I have gone from having doubts and concerns and not wanting to be part of the study, to feeling like it would be an exciting privilege to be part of the study. I have been reassured about the protections in place for my son and any samples taken from him. I have a positive view of what the researchers hope to achieve, and the way in which they are going about it. And I am reassured that the down-sides of participating are less than I thought, and the upsides are more than I’d anticipated. I am still very aware of others’ concerns about misuse of the resulting data in such a way that may ultimately hurt the autistic population, but I am also aware that the scientists have no intention of damaging – but rather of helping – that population. Are all my own concerns and worries addressed and gone? No, but they are significantly allayed, so that I will be talking to my husband tonight about signing our son up to the studies.

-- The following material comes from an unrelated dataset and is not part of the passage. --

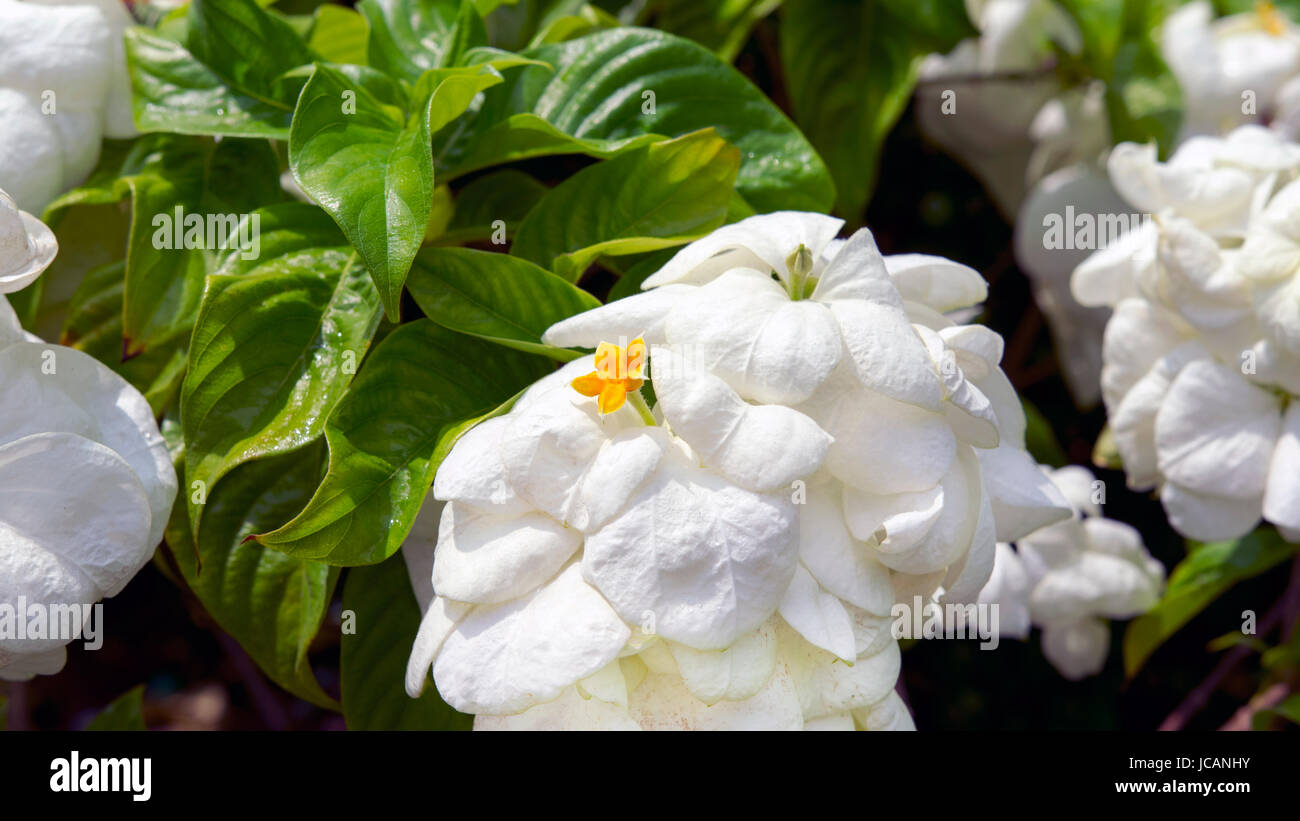 White Virgin Tree. Stock Photo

I am grateful that the researchers took the time to respond to me, and gave me the chance to share it through my blog. I may just be an unpaid blogger, but I am also a Tutor, a Board of Trustees member, a mother; a member of the autism community. In their willingness to communicate with me about the study in the way that they have, the researchers evidence their multidimensional approach of wanting to involve the community in their research.
A final reminder; that you can find out more about the study, the researchers, and register or donate, via this page.
I may yet receive answers to the specific set of questions I forwarded to Researcher X, if I do and it adds to what has already been shared, I shall be posting on that too.